• What is expected: Nothing may be left out of the listing below but its images; repeat the rest exactly.

• Given material:
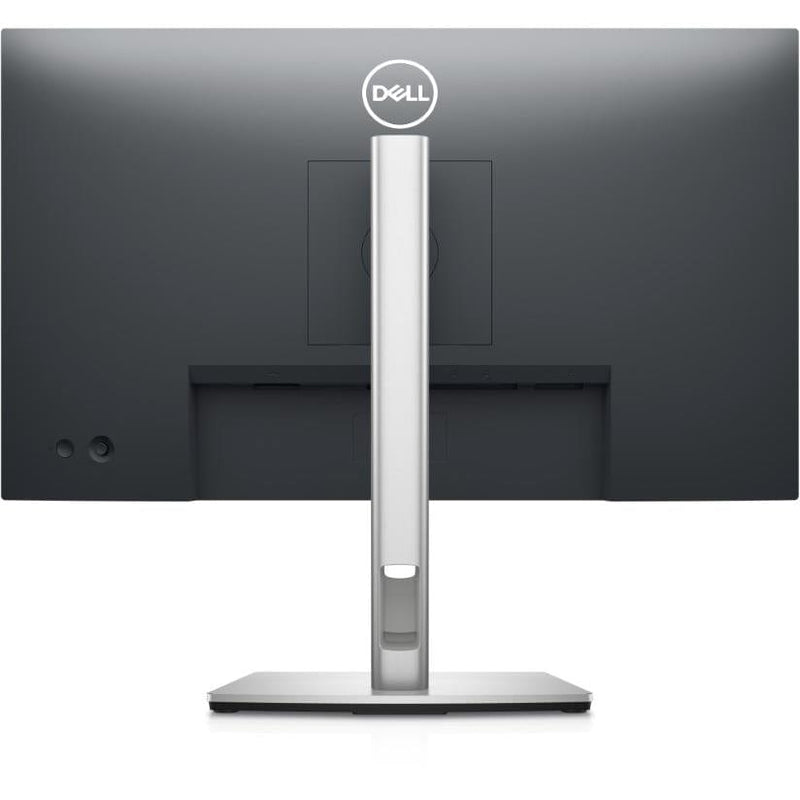 Dell P2422HE 24-inch 1920 x 1080p FHD 60Hz 8ms LCD Monitor 210-BBBG
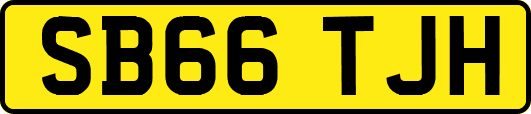 SB66TJH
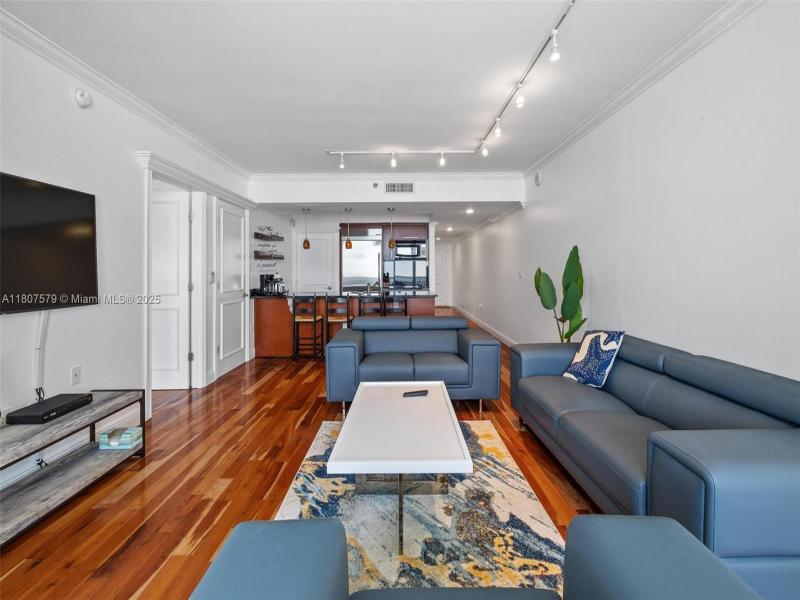 Property photo # 2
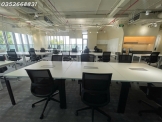cho thue van phong q 1   162m2   gia 36 usd m2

• Task output:
 Dell P2422HE 24-inch 1920 x 1080p FHD 60Hz 8ms LCD Monitor 210-BBBG
 SB66TJH
 Property photo # 2
cho thue van phong q 1   162m2   gia 36 usd m2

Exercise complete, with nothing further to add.